Konstruktiv hat der Förderbandwagen zur Waggonentladung von Schüttgut zwei Besonderheiten. Zum einen wird er über eine V-Schiene auf Spur gehalten. Damit ist er schnell überall am Schienenstrang positioniert, ohne ihn lenken zu müssen, da die V-Schiene parallel zum Gleisbett verlegt ist und der Förderbandwagen somit stets den gleichen Abstand zum Schienenstang hält. Die VLO profitiert dadurch von einem besonders schnellen und präzisen Verfahren des Förderbandwagens bei minimalem Installationsbedarf vor Ort. Trichterwagen mit dosierbarer Entladeeinrichtung lassen sich so besonders schnell und effizient auf Schienen- bzw. Straßenniveau entleeren, ohne Entladebunker bauen zu müssen. Auch muss der Zug seltener verfahren werden. Die erste V-Schiene, die in Bohmte für den neuen Förderbandwagen verlegt wurde, ist 45 Meter lang, sodass man zwei Waggons entleeren kann, ohne den Zug zu verfahren.
Der neue Förderbandwagen zur Waggonentladung von Schüttgut ist zudem komplett aus Edelstahl gefertigt. Er eignet sich damit hervorragend für aggressive Stoffe wie Salze und Düngemittel. Auch ist der damit universell einsetzbar, was für die Eisenbahnbetriebsleitung der VLO ebenfalls wichtig war. „Wir brauchen Fördertechnik, mit der wir alle Schüttgüter umschlagen können.

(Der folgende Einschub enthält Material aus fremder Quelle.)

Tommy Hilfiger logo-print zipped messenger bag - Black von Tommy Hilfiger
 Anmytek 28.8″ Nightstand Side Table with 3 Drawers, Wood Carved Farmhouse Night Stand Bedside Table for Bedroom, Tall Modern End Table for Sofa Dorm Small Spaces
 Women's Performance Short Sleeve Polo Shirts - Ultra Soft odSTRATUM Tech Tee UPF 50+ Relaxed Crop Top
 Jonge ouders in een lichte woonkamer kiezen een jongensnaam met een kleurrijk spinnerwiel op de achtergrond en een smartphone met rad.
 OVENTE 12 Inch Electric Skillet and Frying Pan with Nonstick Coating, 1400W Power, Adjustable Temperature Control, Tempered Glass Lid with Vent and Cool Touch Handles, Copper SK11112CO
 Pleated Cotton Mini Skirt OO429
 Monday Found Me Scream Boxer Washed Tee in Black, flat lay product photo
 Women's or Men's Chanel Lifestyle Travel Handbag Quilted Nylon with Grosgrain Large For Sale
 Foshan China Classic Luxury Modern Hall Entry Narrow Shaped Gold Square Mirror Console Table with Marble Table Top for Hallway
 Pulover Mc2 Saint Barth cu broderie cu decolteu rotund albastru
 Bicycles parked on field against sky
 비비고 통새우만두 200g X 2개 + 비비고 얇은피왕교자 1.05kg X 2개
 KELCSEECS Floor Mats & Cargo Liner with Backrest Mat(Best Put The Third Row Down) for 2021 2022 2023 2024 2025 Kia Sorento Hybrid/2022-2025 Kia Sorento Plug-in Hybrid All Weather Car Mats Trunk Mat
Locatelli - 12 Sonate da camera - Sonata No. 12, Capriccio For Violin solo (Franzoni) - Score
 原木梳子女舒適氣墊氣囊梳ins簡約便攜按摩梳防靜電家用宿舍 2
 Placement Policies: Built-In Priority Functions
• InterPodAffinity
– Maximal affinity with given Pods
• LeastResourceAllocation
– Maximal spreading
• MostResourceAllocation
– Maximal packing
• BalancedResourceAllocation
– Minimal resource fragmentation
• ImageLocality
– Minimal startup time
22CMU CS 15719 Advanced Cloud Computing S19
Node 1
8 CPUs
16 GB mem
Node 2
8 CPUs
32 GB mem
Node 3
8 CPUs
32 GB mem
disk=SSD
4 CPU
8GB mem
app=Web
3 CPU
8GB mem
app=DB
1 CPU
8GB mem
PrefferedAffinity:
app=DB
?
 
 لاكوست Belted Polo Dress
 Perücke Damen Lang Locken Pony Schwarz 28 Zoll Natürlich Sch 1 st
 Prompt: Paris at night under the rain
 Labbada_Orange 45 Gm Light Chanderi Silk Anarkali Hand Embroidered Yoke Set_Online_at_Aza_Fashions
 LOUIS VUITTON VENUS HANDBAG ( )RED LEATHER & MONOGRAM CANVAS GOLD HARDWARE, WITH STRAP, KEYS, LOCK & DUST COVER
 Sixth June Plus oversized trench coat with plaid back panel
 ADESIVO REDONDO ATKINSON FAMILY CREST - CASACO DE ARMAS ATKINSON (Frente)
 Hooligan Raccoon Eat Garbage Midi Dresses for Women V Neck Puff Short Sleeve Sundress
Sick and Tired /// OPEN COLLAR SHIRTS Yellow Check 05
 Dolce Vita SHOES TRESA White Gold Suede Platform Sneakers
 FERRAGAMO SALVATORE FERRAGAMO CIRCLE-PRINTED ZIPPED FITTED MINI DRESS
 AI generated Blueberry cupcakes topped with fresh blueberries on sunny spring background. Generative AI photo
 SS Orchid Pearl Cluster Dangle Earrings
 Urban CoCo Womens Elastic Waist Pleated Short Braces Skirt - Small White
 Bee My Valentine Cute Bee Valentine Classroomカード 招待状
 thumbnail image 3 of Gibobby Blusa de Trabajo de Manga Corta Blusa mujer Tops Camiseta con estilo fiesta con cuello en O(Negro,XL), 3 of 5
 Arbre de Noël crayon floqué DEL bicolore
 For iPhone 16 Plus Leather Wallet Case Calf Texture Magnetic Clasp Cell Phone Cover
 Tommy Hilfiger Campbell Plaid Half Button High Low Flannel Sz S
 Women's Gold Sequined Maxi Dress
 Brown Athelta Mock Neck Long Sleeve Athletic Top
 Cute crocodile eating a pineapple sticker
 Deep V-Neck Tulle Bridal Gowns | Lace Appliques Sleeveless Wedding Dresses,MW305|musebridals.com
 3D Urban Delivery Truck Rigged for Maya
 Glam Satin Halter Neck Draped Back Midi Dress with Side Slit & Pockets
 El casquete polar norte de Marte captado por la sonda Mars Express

Praktisch ist Edelstahl zudem auch in der Wartung, denn hier kann nichts mehr rosten. Selbst das komplette Fahrgestell haben wir in Edelstahl fertigen lassen“, erklärt Werner. Auch die Reinigung des Förderers geht schneller von Hand, als bei Schüttbunkern, in denen sich ungeschützt beispielweise schnell Laub fängt. Sowohl Anschaffungs- wie auch Betriebskosten konnten also letztlich gesenkt werden, was für die Wettbewerbsfähigkeit des VLO-Angebots überaus zuträglich ist. Gepaart mit dem Argumenten einer grüneren Logistik will Werner nun in eine intensivere Vermarktung der neuen Förderanlage starten, zumal auch ein wichtiger Hauptkunde abgesprungen ist, sodass die Betreiber alternativ auch eruieren, den Förderbandwagen gegebenenfalls sogar wieder zu veräußern. Ein entsprechendes Gutachten dazu soll derzeit Klarheit schaffen. Letztlich ist Werner zufrieden, dass er unter diesen komplexen Umständen eine für alle Fälle tragbare Entscheidung getroffen hat, die er auch anderen regional tätigen Eisenbahnunternehmen wie denen des Eisenbahnnetzwerks Bremen/Niedersachsen (EBN) empfiehlt, da das Risiko vergleichsweise minimal ist, denn selbst die im Boden befestige V-Schiene kann man wider demontieren.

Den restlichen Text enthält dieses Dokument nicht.